Nothing suited him—it was all chrome and glass, nothing wooden or smooth. That was another thing he couldn’t understand. Why did everything have to have texture to it? Why not just leave wood alone? Of course, he’d not put that question to anyone. He didn’t want to seem stupid, and he thought if word got around of his query and his mother and grandma found out, they would murder him. Smiling to himself, Don lifted his overly sensitive nose to the air and inhaled deeply. Someone was close. Not only that, but he could smell blood. Lying down in the soft grass with his head only inches above the highest reeds, he looked around for the source of the scent. It wasn’t until he saw her, the woman standing in the moonlight, that he realized someone besides his family had access to the wooded area behind their homes. Don didn’t want anyone around that he didn’t know. Nor did he want someone around that would harm one of the kids that might be hanging around. His plan, if he really wanted to call it that, was to sneak up to her and scare her—just a little. But almost as soon as he moved again, she turned around and looked directly at him. Don’t move.

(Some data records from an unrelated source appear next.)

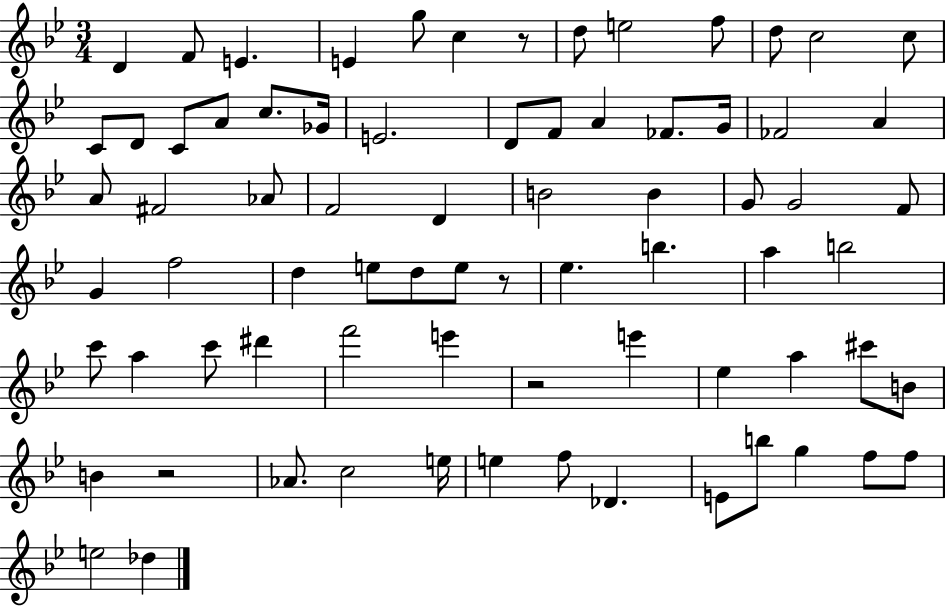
X:1
T:Untitled
M:3/4
L:1/4
K:Bb
D F/2 E E g/2 c z/2 d/2 e2 f/2 d/2 c2 c/2 C/2 D/2 C/2 A/2 c/2 _G/4 E2 D/2 F/2 A _F/2 G/4 _F2 A A/2 ^F2 _A/2 F2 D B2 B G/2 G2 F/2 G f2 d e/2 d/2 e/2 z/2 _e b a b2 c'/2 a c'/2 ^d' f'2 e' z2 e' _e a ^c'/2 B/2 B z2 _A/2 c2 e/4 e f/2 _D E/2 b/2 g f/2 f/2 e2 _d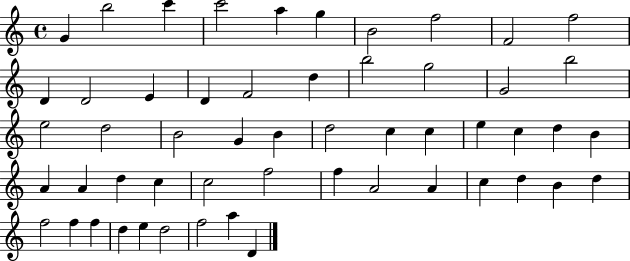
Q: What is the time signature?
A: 4/4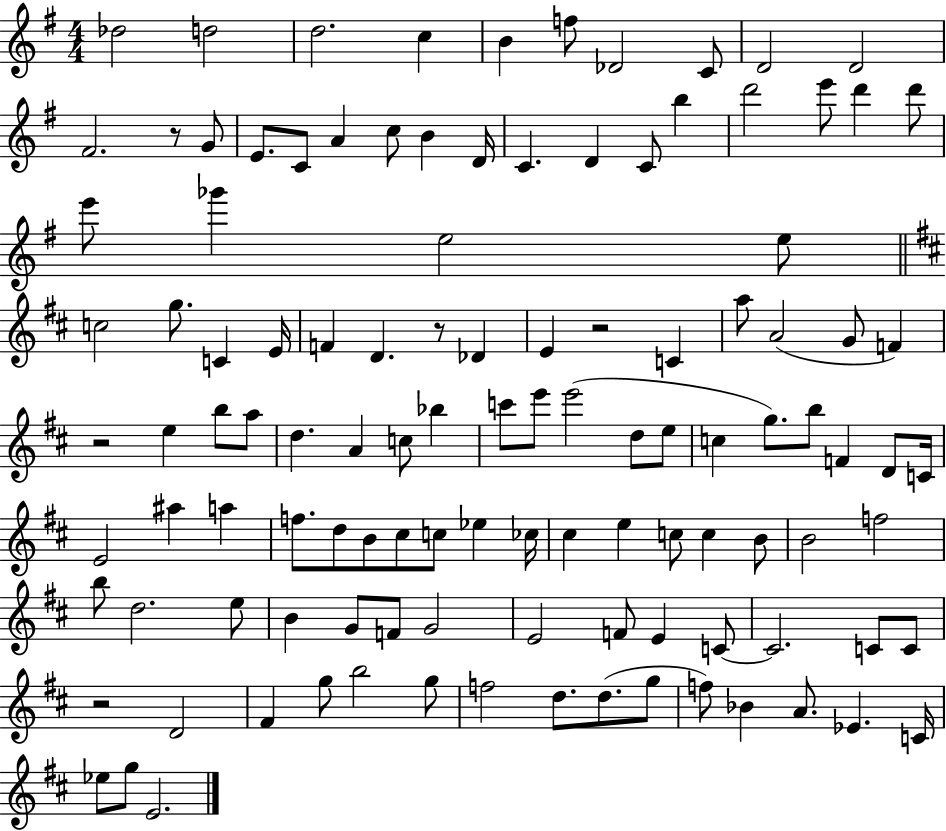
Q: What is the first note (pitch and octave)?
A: Db5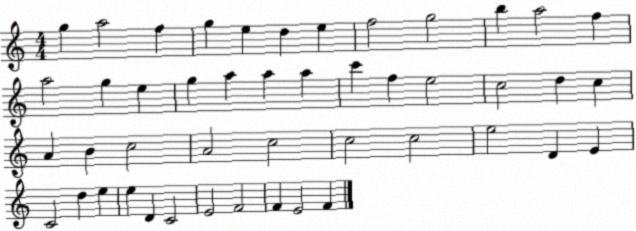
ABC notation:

He didn’t. Don’s paw was up, his tail curled next to his body. It took him a full minute to realize she’d just told him not to move. Him? A lion? Wasn’t she scared of him? Or at least impressed or something? When she put her finger to her lips then pointed, he looked in that direction. There are two men beyond here that have no right to be on the land back here. I can smell the fresh blood. I’m assuming that’s what brought you to me. Don kept an eye on the men he could see now and spoke to the woman in the same way she’d done for him. Is it a human that is bleeding? She told him it was a deer. They had been night hunting with goggles on. This is private land. Did you know that when you came out here? Yes. Nothing more. Nothing to say she was sorry, nor did she make excuses for why she was out here too. I’m going to give them a scare. You could, I suppose, but if you show yourself, everyone in the territory will be out looking for a large cat. It won’t even matter to them if they happen to kill a house cat. Don watched her move. She wasn’t touching the earth. Not a single blade of grass bent under her feet. The branches surrounding her didn’t snap or make a sound when she moved over them. So caught up on watching her, he nearly leapt up to take the men down when they began to scream bloody murder about something hurting them. The two men nearly ran over him in their haste to get away. Moving quickly, Don barely managed to get out of the way of their feet when they kept knocking each other over. Every time one of them would fall, they’d scream about something grabbing their legs.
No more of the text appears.